The new City Council wants to make it better for landlords to rent long term

The incoming administration at Prague City Hall is planning restrictions on internet platforms for short-term accommodation.

Accommodation sharing in Prague has led to complaints from neighbors over noise and trash, as well as complaints from home buyers that it has driven up housing prices, and from politicians that it has deprived the city and state of income from fees and taxes.

The incoming City Hall coalition of Pirates, the United Force for Prague and Praha sobě intends to follow the example of other European cities with an amendment that would allow setting the maximum number of days that the owner of the apartment or house can rent the premises.

The Pirates before the October election said that the limit would be 60 days per year, but this is not a certainty, as that was set without input from the rest of the coalition.

A change is also now being discussed in the Chamber of Deputies, the lower house of the Czech Parliament, that would allow the city to raise the fee for a tourist who spends a night in Prague. Currently, the maximum that the law permits is Kč 15. In 2020, the city could collect up to Kč 21 and year later up to Kč 50 per person per day. Currently, Prague loses an estimated Kč 100 million a year in unpaid tourism fees, separate from unpaid taxes.
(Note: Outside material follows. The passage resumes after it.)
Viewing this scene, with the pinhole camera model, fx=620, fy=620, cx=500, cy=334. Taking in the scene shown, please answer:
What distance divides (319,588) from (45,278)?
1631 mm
“We have to make this business less profitable for owners of Airbnb flats. We want to make it better for property owners to rent to regular tenants, so we plan to raise the fee that every Airbnb operator has to pay to the city," Hana Marvanová of United Force for Prague told daily Hospodářské noviny (HN).

Estimates suggest that renting via Airbnb can earn the landlord twice what the owner would get from a classical tenant.
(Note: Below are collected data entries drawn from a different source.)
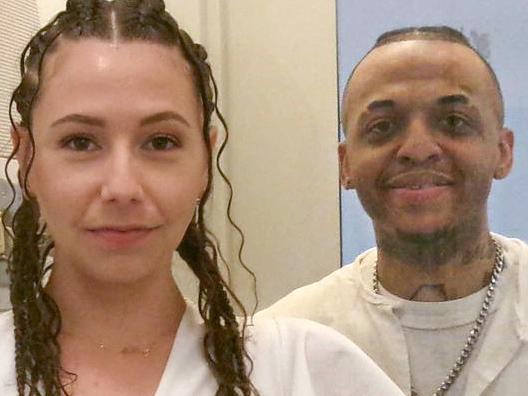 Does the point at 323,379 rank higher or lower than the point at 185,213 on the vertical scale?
lower

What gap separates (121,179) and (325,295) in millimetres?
272

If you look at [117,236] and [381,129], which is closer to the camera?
[117,236]

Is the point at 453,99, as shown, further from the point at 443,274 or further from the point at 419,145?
the point at 443,274

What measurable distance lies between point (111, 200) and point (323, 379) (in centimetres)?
25

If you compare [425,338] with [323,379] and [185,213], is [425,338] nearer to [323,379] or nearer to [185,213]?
[323,379]

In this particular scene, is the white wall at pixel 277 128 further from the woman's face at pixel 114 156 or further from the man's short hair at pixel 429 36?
the woman's face at pixel 114 156

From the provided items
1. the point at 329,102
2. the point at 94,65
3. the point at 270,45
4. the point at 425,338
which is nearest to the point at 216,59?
the point at 270,45

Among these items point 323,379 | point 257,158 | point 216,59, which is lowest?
point 323,379

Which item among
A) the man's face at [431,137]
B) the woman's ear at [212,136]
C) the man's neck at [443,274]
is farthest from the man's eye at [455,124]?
the woman's ear at [212,136]

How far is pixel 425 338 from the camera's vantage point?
77cm

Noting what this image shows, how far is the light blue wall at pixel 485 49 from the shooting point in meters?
0.79

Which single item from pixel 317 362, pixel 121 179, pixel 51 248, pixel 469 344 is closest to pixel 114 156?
pixel 121 179

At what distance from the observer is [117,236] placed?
25.9 inches

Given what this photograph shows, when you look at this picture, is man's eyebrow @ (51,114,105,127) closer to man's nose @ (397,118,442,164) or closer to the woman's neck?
the woman's neck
The idea of regulating Airbnb in Prague is not new, and the outgoing city administration has also been looking at limits, increased fees and better enforcement.

The Czech Financial Office has data on landlords in the Czech Republic and is attempting to make those who operate Airbnb flats to pay taxes to the state. According to estimates, last year landlords from Prague failed to pay Kč 460 million to the state treasury.

In addition, the General Financial Directorate (GFŘ) has already signed an agreement on the exchange of information about Prague tenants with the Prague City Hall.

The shared accommodation services such as Airbnb are already limited by Berlin, Paris, Amsterdam and London, for example. The Spanish city of Palma de Mallorca, which depends heavily on tourism, has completely banned the service.

Representatives of tenant groups say that the original concept of services like Airbnb was good. People with a spare room could get some money by renting it on occasion. But it was never intended that people would buy entire apartment buildings just to rent them out online, while not paying the same fees as hotels are required to pay or meeting the same level of safety and other legal requirements.

A study by Colliers International shows that in Prague nearly 70 percent of Airbnb rentals are operated by entities with more than one offering and nearly two-fifths of them have more than 10 offerings.

Airbnb has been operating in the Czech Republic since 2009. In addition to Airbnb, there are similar services such as Flipkey, HomeAway, House Trip, Vacation Rentals, and Vrbo.

In 2017, people booked 1.79 million overnight stays through Airbnb in Prague, which is 61 percent higher than the previous year.